VisionHub is the system that allows GroupM to analyze how the advertising campaigns of their agencies are working in the real world, and to help them provide ROI figures to their advertisers. By aggregating the information supplied by different AdServers, in different formats, and building a data warehouse and a querying system on top of it, we’re able to provide the business the insight they need in a fast and easy way. They’re able to take action faster than ever, and be on top of the market at all times.
GroupM had a production system with an aging architecture and a convoluted processing pipeline. Any error in a single file could halt the whole file ingestion process for all the system, and any modification was a cumbersome and dangerous endeavor. The provided way of querying the available information was static, and didn’t provide the required level of detail.
VisionHub works by leveraging the power of the Azure platform, with files being downloaded from an Azure Worker role into Azure Blob Storage, where they are ingested into a Data Warehouse also in Azure Blob Storage. All query operations are managed from an Azure Website UI which relays those queries into one (or more) HDInsight clusters.
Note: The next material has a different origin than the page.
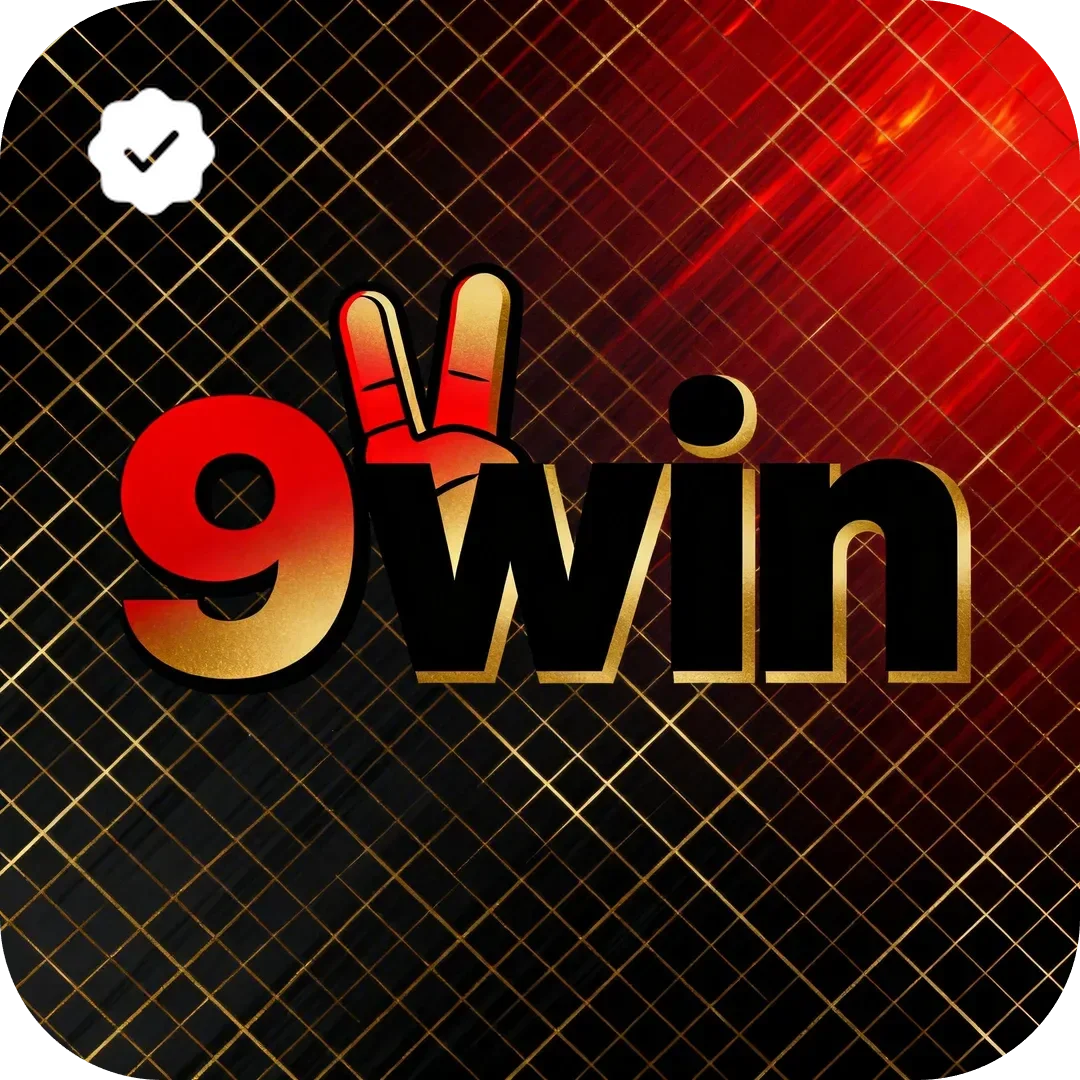 Plataforma completa da 9win com todos os jogos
This ensures the architecture can be easily scaled to suit the business needs at any time.
VisionHub works with HDInsight by having both permanent clusters to ingest the data into the system as available, or execute simple data extraction queries, and also a cluster on demand system that allows a user to run costly data processing queries that work with vast amounts of data.
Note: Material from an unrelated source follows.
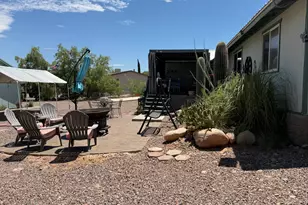 554 N Ironwood Dr, Roosevelt, AZ 85545 - Photo 8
Storing all the data in the Azure Blob Storage system lets VisionHub store years of data at a very low cost, and also provides replication and ease of access for the ingestion and processing using HDInsight.
The data ingestion system can be easily modified to suit the changing needs of the business: new rows, schema changes, etc.
MASSIVE AMOUNTS OF DATA
The current Data Warehouse holds more than 150 Tb.
Users can run simple data extraction jobs, or massive queries that summarize the information from millions of rows into only a few.
EASY TO UNDERSTAND
The UI allows the user to execute complex queries by selecting a few key values.